◆ EXERCISE AIM: Apart from the pictures, return every line of the listing exactly.

◆ PROVIDED MATERIAL:
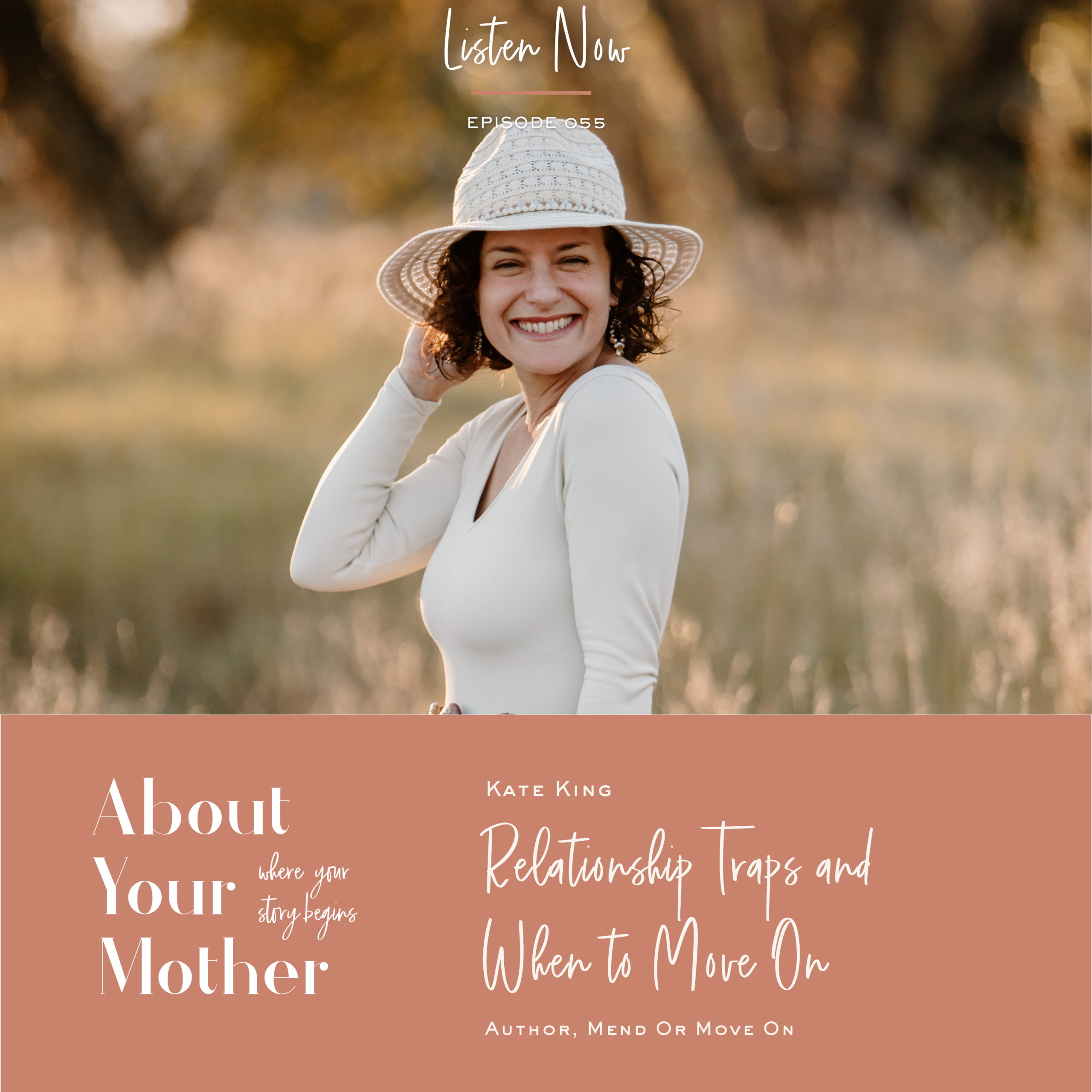 Link to Relationship Traps and When to Move On with Kate King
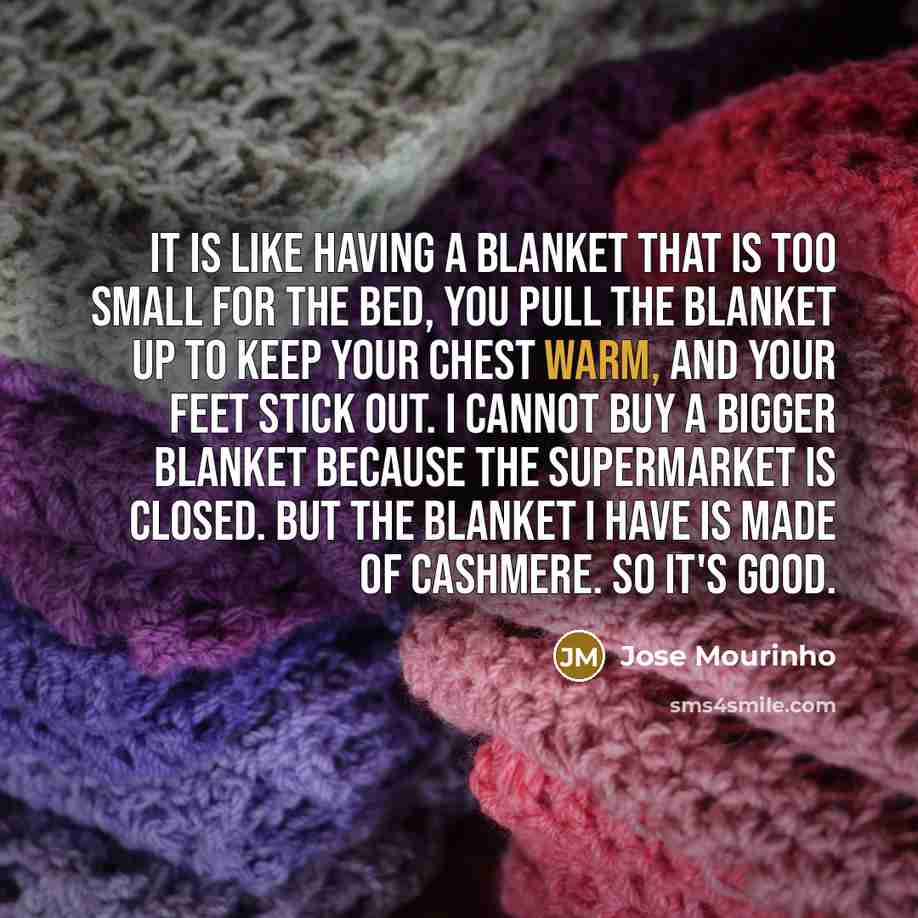 “It is like having a blanket that is too small…” quote by Jose Mourinho
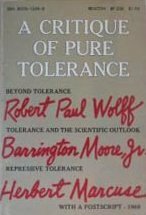 A Critique of Pure Tolerance by Herbert Marcuse, Robert Paul Wolff, Barrington Moore Jr.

◆ ANSWER FOR THE TASK:
 Link to Relationship Traps and When to Move On with Kate King
 “It is like having a blanket that is too small…” quote by Jose Mourinho
 A Critique of Pure Tolerance by Herbert Marcuse, Robert Paul Wolff, Barrington Moore Jr.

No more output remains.